JAKARTA, KTV – Komisi Pemberantasan Korupsi (KPK) masih menelusuri dugaan penyelewengan dalam penggunaan kuota haji 2024. Kasus ini kembali mencuat setelah Masyarakat Anti Korupsi Indonesia (MAKI) melalui Koordinatornya, Boyamin Saiman, menyerahkan bukti tambahan ke Gedung Merah Putih KPK, Jakarta, belum lama ini.
Menurut Boyamin, dokumen tambahan tersebut berupa sejumlah foto yang memperlihatkan istri pejabat berangkat melalui jalur haji furoda namun diduga turut menikmati fasilitas negara seperti akomodasi hotel dan konsumsi. “Mereka seharusnya tidak berhak atas fasilitas itu karena bukan bagian dari kuota resmi,” ujarnya.
Lebih lanjut, Boyamin juga mengungkap temuan adanya asisten rumah tangga (ART) dan tukang pijat yang diberangkatkan sebagai bagian dari rombongan haji dengan status petugas.
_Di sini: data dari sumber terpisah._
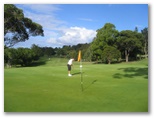Merewether Golf Course - Adamstown: Green on Hole 10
Padahal, menurutnya, posisi petugas haji semestinya diisi oleh orang-orang yang benar-benar memiliki kualifikasi untuk melayani jemaah. “Faktanya, mereka hanya mendampingi majikan, bukan melayani jamaah,” tegasnya.
Kasus ini bermula dari adanya tambahan 20 ribu kuota haji pada 2024. Berdasarkan UU Nomor 8 Tahun 2019, distribusi kuota tambahan mestinya 92 persen untuk jemaah reguler dan 8 persen untuk jemaah khusus. Namun, aturan tersebut berubah melalui Keputusan Menteri Agama RI Nomor 130 Tahun 2024 yang menetapkan pembagian kuota tambahan secara seimbang 50:50.
Hingga kini, KPK masih dalam tahap penyelidikan dan belum menetapkan tersangka terkait dugaan penyalahgunaan kuota haji tersebut.